----- Materials provided
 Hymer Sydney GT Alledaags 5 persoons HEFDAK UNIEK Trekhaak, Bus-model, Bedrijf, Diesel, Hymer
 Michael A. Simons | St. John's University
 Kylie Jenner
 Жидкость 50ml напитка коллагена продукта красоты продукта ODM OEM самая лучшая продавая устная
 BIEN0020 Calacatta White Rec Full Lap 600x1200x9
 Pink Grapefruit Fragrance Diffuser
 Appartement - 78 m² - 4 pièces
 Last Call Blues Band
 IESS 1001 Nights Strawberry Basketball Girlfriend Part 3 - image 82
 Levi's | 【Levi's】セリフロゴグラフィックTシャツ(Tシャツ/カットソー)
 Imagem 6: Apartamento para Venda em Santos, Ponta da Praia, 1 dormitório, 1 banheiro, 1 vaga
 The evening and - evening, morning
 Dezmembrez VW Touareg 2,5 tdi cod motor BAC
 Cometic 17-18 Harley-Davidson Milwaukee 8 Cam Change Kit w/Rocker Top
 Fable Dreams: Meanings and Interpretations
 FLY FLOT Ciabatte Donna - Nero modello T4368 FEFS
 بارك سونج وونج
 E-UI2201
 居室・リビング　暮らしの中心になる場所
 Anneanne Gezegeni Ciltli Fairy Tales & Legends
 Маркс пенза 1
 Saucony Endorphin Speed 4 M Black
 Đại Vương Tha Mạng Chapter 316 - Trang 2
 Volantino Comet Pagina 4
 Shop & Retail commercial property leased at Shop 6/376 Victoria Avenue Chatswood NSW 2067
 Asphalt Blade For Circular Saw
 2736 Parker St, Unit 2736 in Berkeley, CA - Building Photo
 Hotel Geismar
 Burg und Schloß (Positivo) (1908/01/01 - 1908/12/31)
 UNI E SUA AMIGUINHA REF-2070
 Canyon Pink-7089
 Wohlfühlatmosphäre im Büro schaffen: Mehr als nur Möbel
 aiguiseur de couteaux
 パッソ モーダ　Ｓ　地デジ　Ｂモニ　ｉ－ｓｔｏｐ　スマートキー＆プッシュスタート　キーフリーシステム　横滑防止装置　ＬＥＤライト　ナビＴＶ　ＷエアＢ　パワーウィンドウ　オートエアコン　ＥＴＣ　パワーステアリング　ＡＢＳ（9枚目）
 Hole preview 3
----------
Copy the entire listing above, line for line, exactly.

Reply:
 Hymer Sydney GT Alledaags 5 persoons HEFDAK UNIEK Trekhaak, Bus-model, Bedrijf, Diesel, Hymer
 Michael A. Simons | St. John's University
 Kylie Jenner
 Жидкость 50ml напитка коллагена продукта красоты продукта ODM OEM самая лучшая продавая устная
 BIEN0020 Calacatta White Rec Full Lap 600x1200x9
 Pink Grapefruit Fragrance Diffuser
 Appartement - 78 m² - 4 pièces
 Last Call Blues Band
 IESS 1001 Nights Strawberry Basketball Girlfriend Part 3 - image 82
 Levi's | 【Levi's】セリフロゴグラフィックTシャツ(Tシャツ/カットソー)
 Imagem 6: Apartamento para Venda em Santos, Ponta da Praia, 1 dormitório, 1 banheiro, 1 vaga
 The evening and - evening, morning
 Dezmembrez VW Touareg 2,5 tdi cod motor BAC
 Cometic 17-18 Harley-Davidson Milwaukee 8 Cam Change Kit w/Rocker Top
 Fable Dreams: Meanings and Interpretations
 FLY FLOT Ciabatte Donna - Nero modello T4368 FEFS
 بارك سونج وونج
 E-UI2201
 居室・リビング　暮らしの中心になる場所
 Anneanne Gezegeni Ciltli Fairy Tales & Legends
 Маркс пенза 1
 Saucony Endorphin Speed 4 M Black
 Đại Vương Tha Mạng Chapter 316 - Trang 2
 Volantino Comet Pagina 4
 Shop & Retail commercial property leased at Shop 6/376 Victoria Avenue Chatswood NSW 2067
 Asphalt Blade For Circular Saw
 2736 Parker St, Unit 2736 in Berkeley, CA - Building Photo
 Hotel Geismar
 Burg und Schloß (Positivo) (1908/01/01 - 1908/12/31)
 UNI E SUA AMIGUINHA REF-2070
 Canyon Pink-7089
 Wohlfühlatmosphäre im Büro schaffen: Mehr als nur Möbel
 aiguiseur de couteaux
 パッソ モーダ　Ｓ　地デジ　Ｂモニ　ｉ－ｓｔｏｐ　スマートキー＆プッシュスタート　キーフリーシステム　横滑防止装置　ＬＥＤライト　ナビＴＶ　ＷエアＢ　パワーウィンドウ　オートエアコン　ＥＴＣ　パワーステアリング　ＡＢＳ（9枚目）
 Hole preview 3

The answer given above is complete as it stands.